Comprehensive observability: Our platform provides visibility into which tools are being used, how frequently, by which applications, and for what purposes - offering insights that would be impossible with disconnected authentication systems.
Centralized audit trails: Every tool invocation is logged and viewable, creating accountability and transparency that's critical for sensitive enterprise environments.
Usage patterns and analytics: Users can see how their tools are being utilized across different applications, helping optimize their workflows and profile configurations.

This level of control and observability is impossible with traditional, fragmented authentication approaches, where each integration operates in isolation with no unified oversight.

How OAuth and SSO Traditionally Solve Identity Challenges

Traditional identity solutions like OAuth and SSO have solved these problems for web applications:

OAuth allows users to grant limited access to their accounts without sharing credentials
SSO enables users to access multiple applications with a single login
Permission scopes provide granular control over what applications can access

While existing protocols provide a foundation, MCP presents unique challenges:

Tool discovery needs to be user-centric, not application-centric
LLM agents need secure access to multiple systems simultaneously
Permission management needs to be granular yet simple for users to understand
Connections need to be portable between different MCP Client applications

The mcp.run SSO solution builds on OAuth standards while addressing these specific needs of the MCP ecosystem.

User Choice is Now Critical

As AI assistants become central to our workflows, they need access to whatever tools and data we use.
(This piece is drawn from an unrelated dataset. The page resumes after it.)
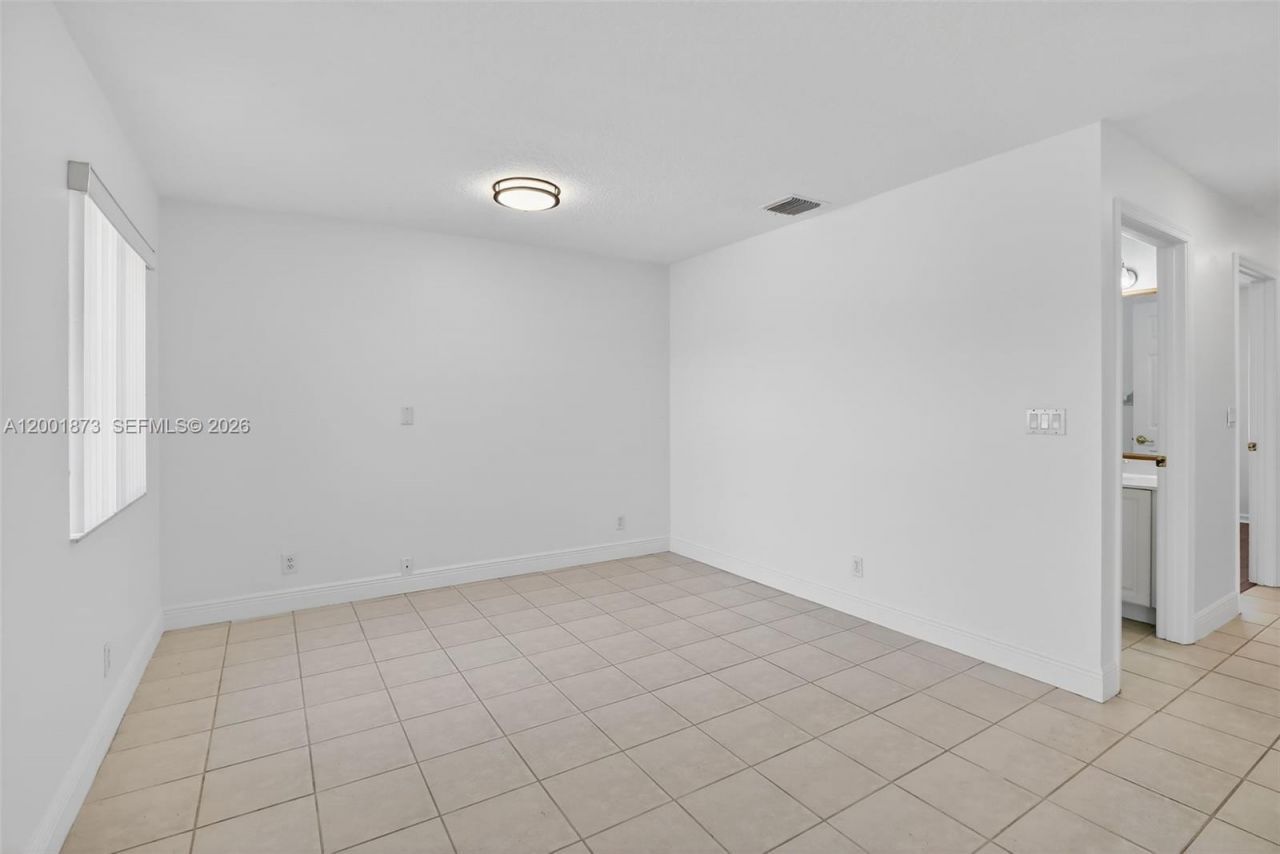 10907 W Broward Blvd, Plantation, FL 33324 Photo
User-driven integrations are essential because:

AI operates across domains: An assistant might need to access your email, calendar, CRM, and project management tools in a single session
Personalization matters: The tools each user needs vary widely
Specialized tools proliferate: No app developer can anticipate and support them all
Integration expectations rise: Users expect AI to work with all their systems, not just popular ones

Flipping the Integration Model

Traditional integration: "Here are the services our app connects with."
User-driven integration: "Here are the services I want to use with your app."

This flips the responsibility from application developers to users, empowering people to create their own integration ecosystems that travel with them across applications.

With mcp.run's SSO platform for MCP, the power shifts to users who can decide which integrations they bring to any application. This isn't just about convenience—it's about giving users true ownership over their digital tools and how they're used.

Real-World Benefits

The combination of MCP and a unified identity layer enables numerous practical benefits:

For Users

Authenticate once: Connect your tools a single time instead of repeatedly across applications
Consistent experience: Your preferred tools follow you across any MCP-compatible application
Granular control: Grant and revoke access to specific tools on a per-app basis or across all apps at once
Privacy protection: Maintain oversight of how applications use your tools and data

For Developers

Reduced complexity: Implement one OAuth flow instead of dozens
Faster time-to-market: Skip building and maintaining authentication systems for each integration
Broader tool ecosystem: Offer access to thousands of tools without building each connection
Focus on core product: Let users bring their tools rather than deciding which to support

For Enterprises

Governance and compliance: Centralized audit trails and permission management
Security standardization: Consistent authentication practices across integrations
Risk reduction: Quickly revoke access across all applications when needed
Resource optimization: Eliminate duplicate integration work across teams

Unlocking the Potential of MCP

The Model Context Protocol has provided a powerful way for AI systems to interact with external tools, but without a unified identity layer, its potential remains constrained by authentication friction and fragmented connections.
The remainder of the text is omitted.